Questões não menos relevantes: quem exercerá o controle sobre produção e distribuição? Será criada uma agência nacional? O Brasil não produz drogas, será então estimulado a fazê-lo para ter maior controle?
Sabemos também, dada a história política desta sociedade, que controles estatais sem lastro na opinião pública dificilmente terão êxito.
Do mesmo modo, campanhas para alertar quanto aos riscos tenderão ao fracasso caso não convençam os potenciais consumidores.

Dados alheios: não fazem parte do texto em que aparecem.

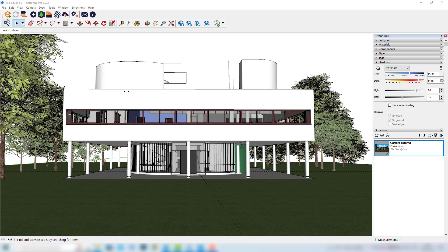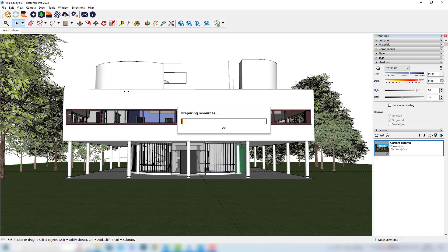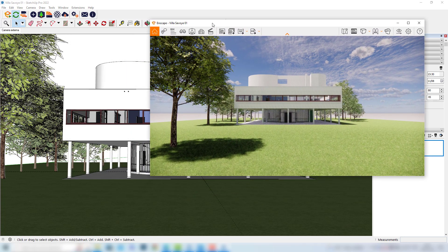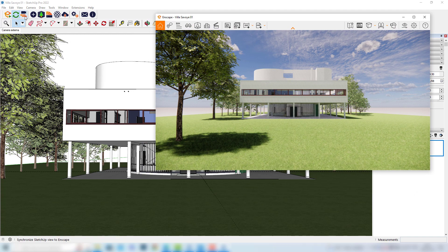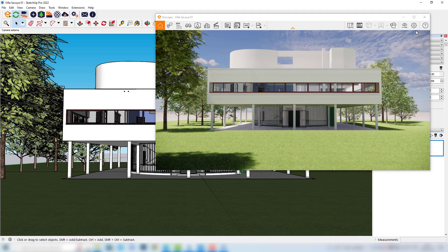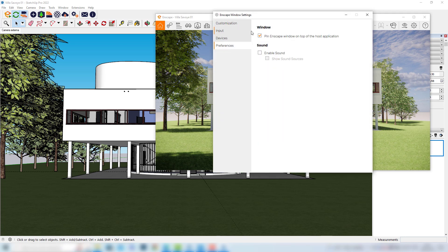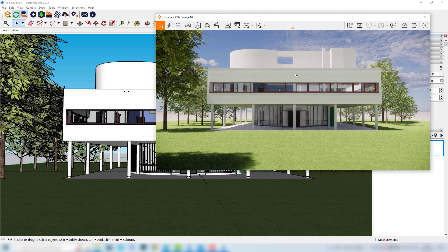First of all I will start Enscape. I'll drag this window a little bit to the right. I will also click here to synchronize my views. I can also verify here in the Enscape window settings in preferences that this option here is checked, as we did in the last video, and now I can start my simulation. One first important step, as we've seen before, is to turn on the material override.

Por fim, uma política nacional não acompanhada pelos países de fronteira, em particular os produtores, poderá tornar o Brasil um território livre para consumo de drogas, com todas as consequências indesejáveis.
Por isso, seria importante melhor conhecer a experiência acumulada em países que relaxaram os controles, como é o caso da Holanda.
O debate, necessário e oportuno, requer pesar todos esses aspectos e evitar tanto as defesas apaixonadas quanto a prisão do moralismo conservador.
Sérgio Adorno, professor titular, é coordenador do NEV-USP, do INCT-CNPq Violência, Democracia e Segurança Cidadã e da Cátedra UNESCO de Educação para a Paz, Direitos Humanos, Democracia e Tolerância.